Activity —
Starting at the line where "Foto del edificio - 950 Seven Hills Dr" occurs, reproduce each line through the end of the entries below exactly. Omit every picture.

:: Records provided

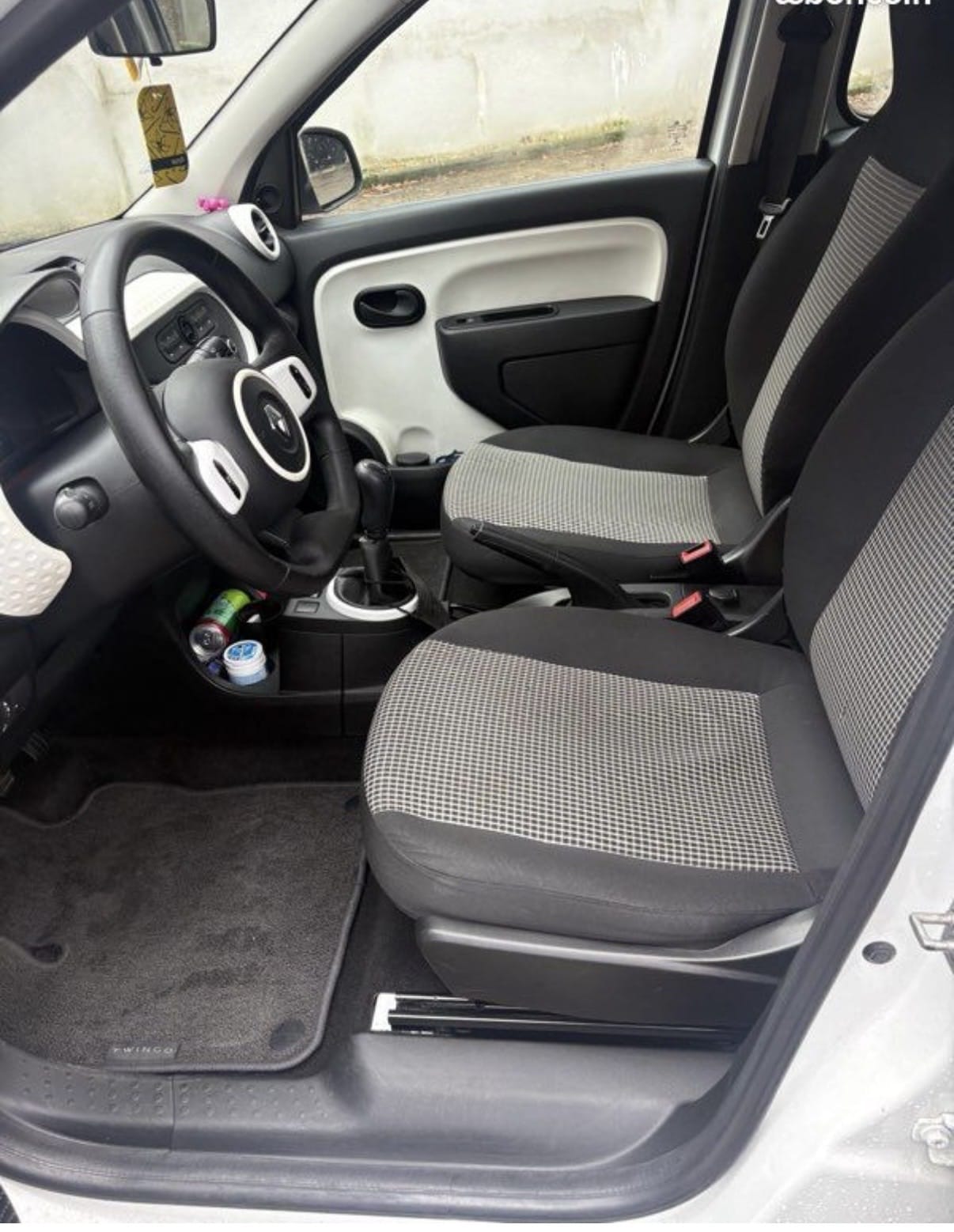 Renault Twingo III avec Siège bébé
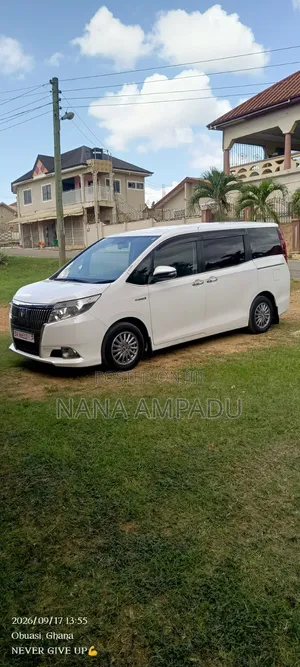 Toyota Voxy 2015 White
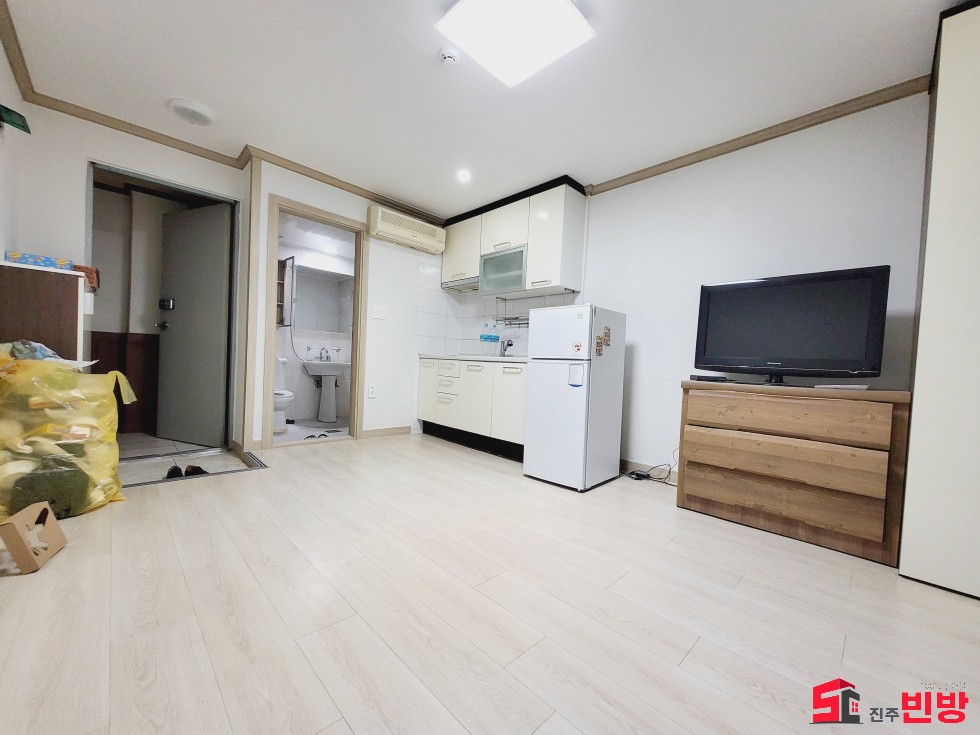 경남 진주시 하대동 303-13 Q * 하대동 상가건물 풀옵션 원룸 * 깨끗해요 월세 매물번호 15599 사진 2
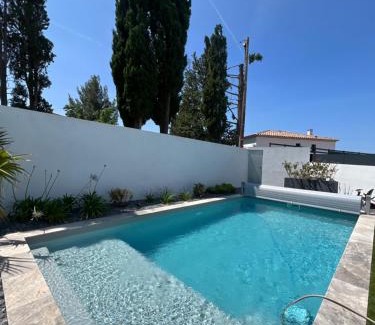 Les Camoins Bed & Breakfast | Magnifique loveroom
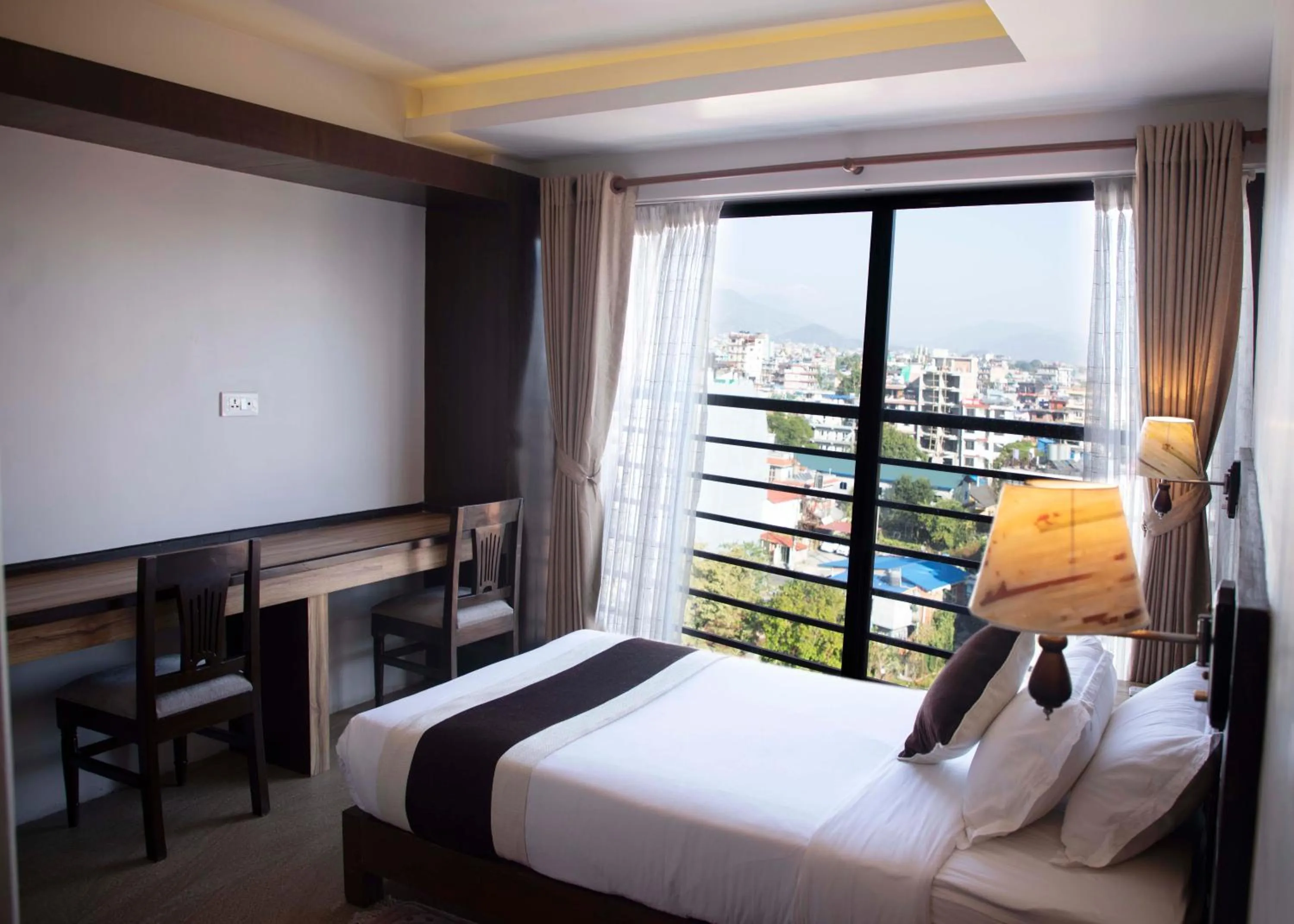 Photo of the whole room, Bed in Hotel Shaara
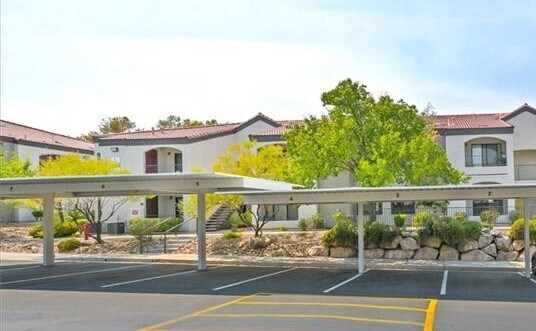 Foto del edificio - 950 Seven Hills Dr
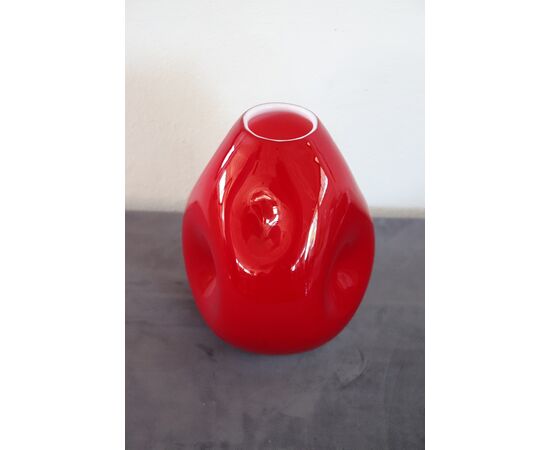 Raffinato vaso rosso in vetro incamiciato, Murano anni '70 PREZZO TRATTABILE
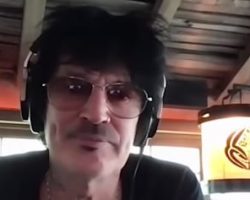 MÖTLEY CRÜE's TOMMY LEE: 'I Still Pinch Myself On A Daily Basis That We've Been Blessed To Still Be Here'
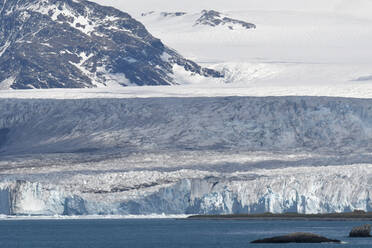 Teil des Nordenskjold-Gletschers, Cumberland East Bay, Südgeorgien, Polarregionen - RHPLF00526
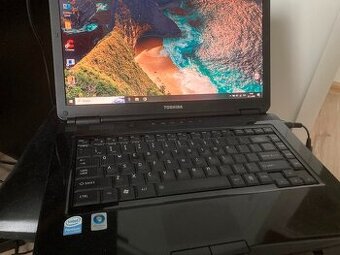 Notebook Toshiba Satelite - na nenáročnú prácu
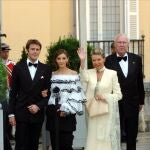 MANUEL FILIBERTO DE SABOYA , SU MUJER CLOTILDE COURAU ; MARINA DORIA Y VICTOR MANUEL DE SABOYA EN LA CENA DE GALA EN EL PALACIO DE EL PARDO PARA INVITADOS REALES COMO PARTE DE LAS CELEBRACIONES DE LA BODA REAL DEL PRINCIPE FELIPE DE BORBON Y DOÑA LETIZIA ORTIZ ( PRINCIPES DE ASTURIAS ) 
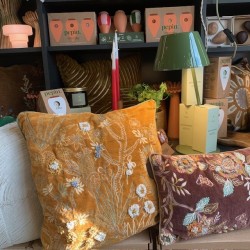 Coussin kanika Golden Sunlight - velours brodé à la main - 50x50 cm - TXP3670400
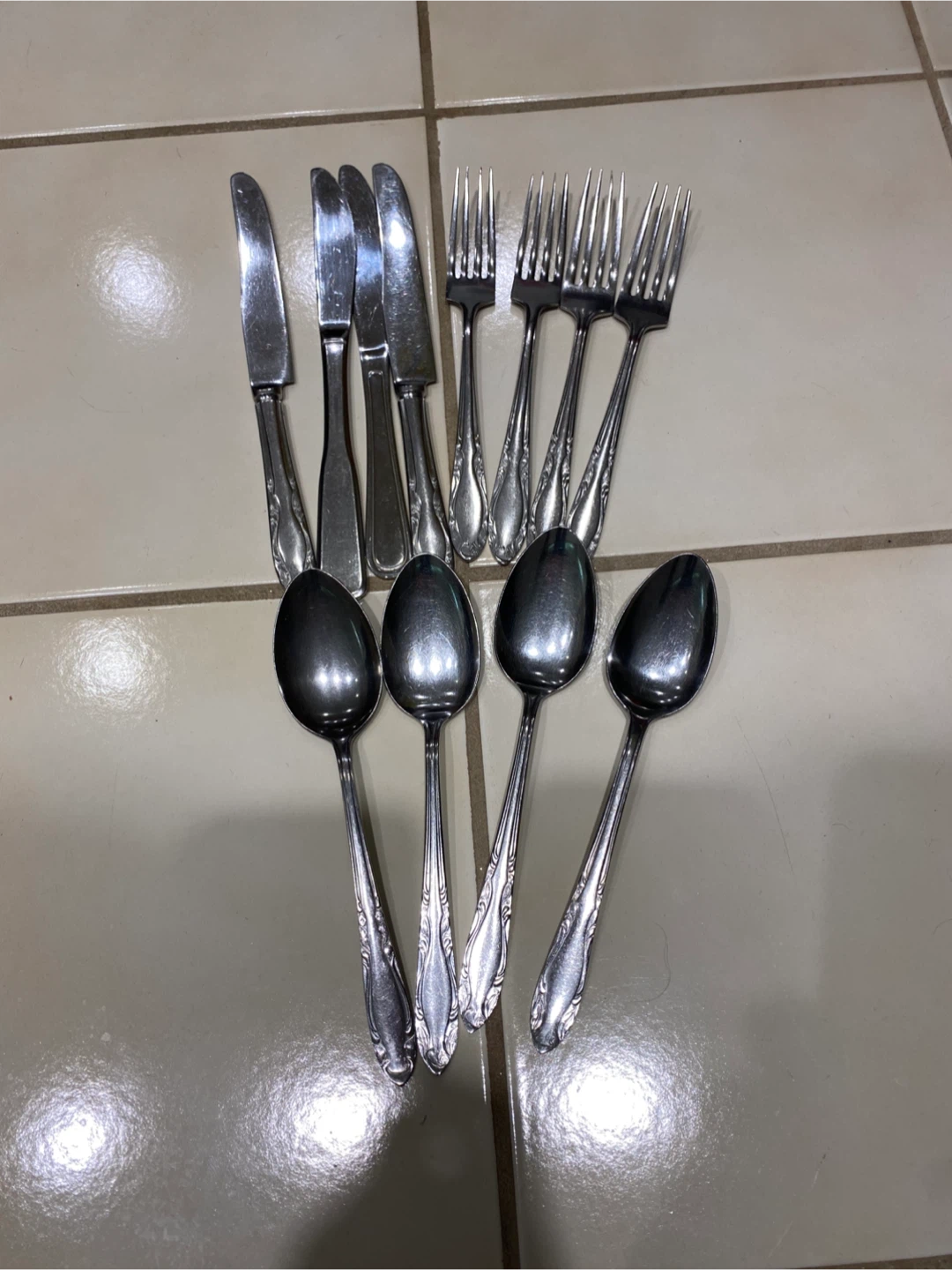 Set of 4 Stainless Steel Cutlery - Forks, Knives & Spoons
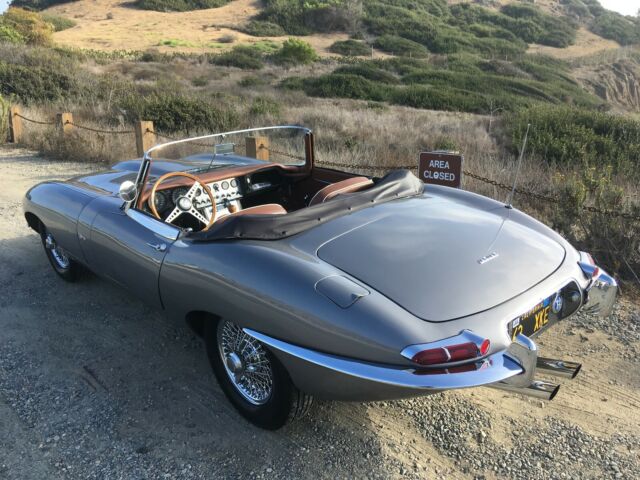 Jaguar E-Type 1963 image number 14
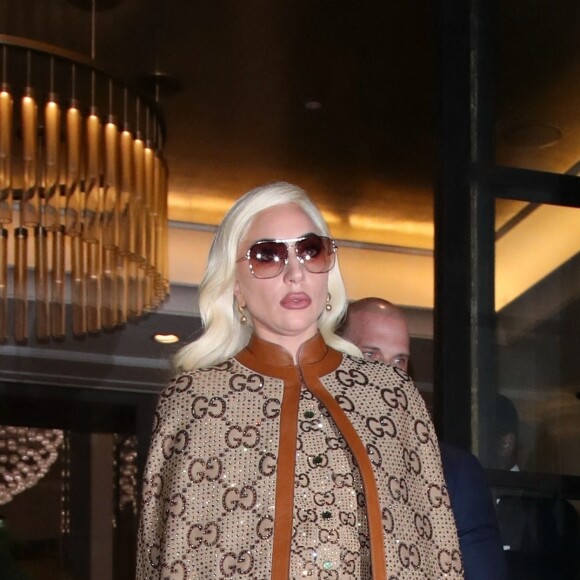 Lady Gaga à la sortie de l'hôtel Corinthia de Londres, Royaume Uni, le 10 novembre 2021.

::::

Expected output —
 Foto del edificio - 950 Seven Hills Dr
 Raffinato vaso rosso in vetro incamiciato, Murano anni '70 PREZZO TRATTABILE
 MÖTLEY CRÜE's TOMMY LEE: 'I Still Pinch Myself On A Daily Basis That We've Been Blessed To Still Be Here'
 Teil des Nordenskjold-Gletschers, Cumberland East Bay, Südgeorgien, Polarregionen - RHPLF00526
 Notebook Toshiba Satelite - na nenáročnú prácu
 MANUEL FILIBERTO DE SABOYA , SU MUJER CLOTILDE COURAU ; MARINA DORIA Y VICTOR MANUEL DE SABOYA EN LA CENA DE GALA EN EL PALACIO DE EL PARDO PARA INVITADOS REALES COMO PARTE DE LAS CELEBRACIONES DE LA BODA REAL DEL PRINCIPE FELIPE DE BORBON Y DOÑA LETIZIA ORTIZ ( PRINCIPES DE ASTURIAS ) 
 Coussin kanika Golden Sunlight - velours brodé à la main - 50x50 cm - TXP3670400
 Set of 4 Stainless Steel Cutlery - Forks, Knives & Spoons
 Jaguar E-Type 1963 image number 14
 Lady Gaga à la sortie de l'hôtel Corinthia de Londres, Royaume Uni, le 10 novembre 2021.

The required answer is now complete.